Insanely Ridiculous and Insanely Fun
The entire film can be summed up in two words: sheer insanity. How insane are we talking? Think exploding rats and looms of fate. Director Timur Bekmambetov has taken a breath – albeit a very short one – between now and in 2004 when his too-frenetic-to-comprehend NIGHT WATCH was unleashed on the world. The film features some of the most mind-bending action seen on screen in years; people are thrust inside moving cars and bullets bend around obtrusive objects, but Bekmambetov is quite successful in taking all these wild elements and combining them into something even vaguely understandable. Even the most ridiculous occurrences – say, a person jumping out a skyscraper window and making it to the building opposite – are acceptable in Bekmambetov’s abnormal vision of Chicago.
Wesley is an unusual hero, and so it only makes sense for an unusual action star to appear. Coming off his acclaimed turn in last year’s ATONMENT, McAvoy adds another diverse credit to his resume. Just as Wesley molds himself, McAvoy molds himself into a small bottle of fury, dorky and passive at first but intimidating when he unleashes himself. The amount of pain Wesley goes through during training is so extensive and genuine that even the hardest of viewers cannot help but cringe. McAvoy keeps the film grounded; without such an atypical performer coming into his prime, WANTED would become too ridiculous and far-fetched to be a success.
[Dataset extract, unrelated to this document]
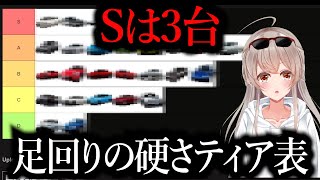 【2025国産スポーツカー】足回りの硬さティア表を作る花香琴音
WANTED is definitely unlike anything we’ve seen before. The exhilaration and suspense is such that cannot be adequately described. Walking the fine line between frenetic and nonsensical, the film is a roller coaster ride from start to finish with little time to let up or take a breath. Without a doubt, some will find it too much; too violent, too ridiculous and over-the-top, too nonsensical. But this exercise in over-the-top filmmaking is not without merit. It’s insane, yes. But it’s damn fun.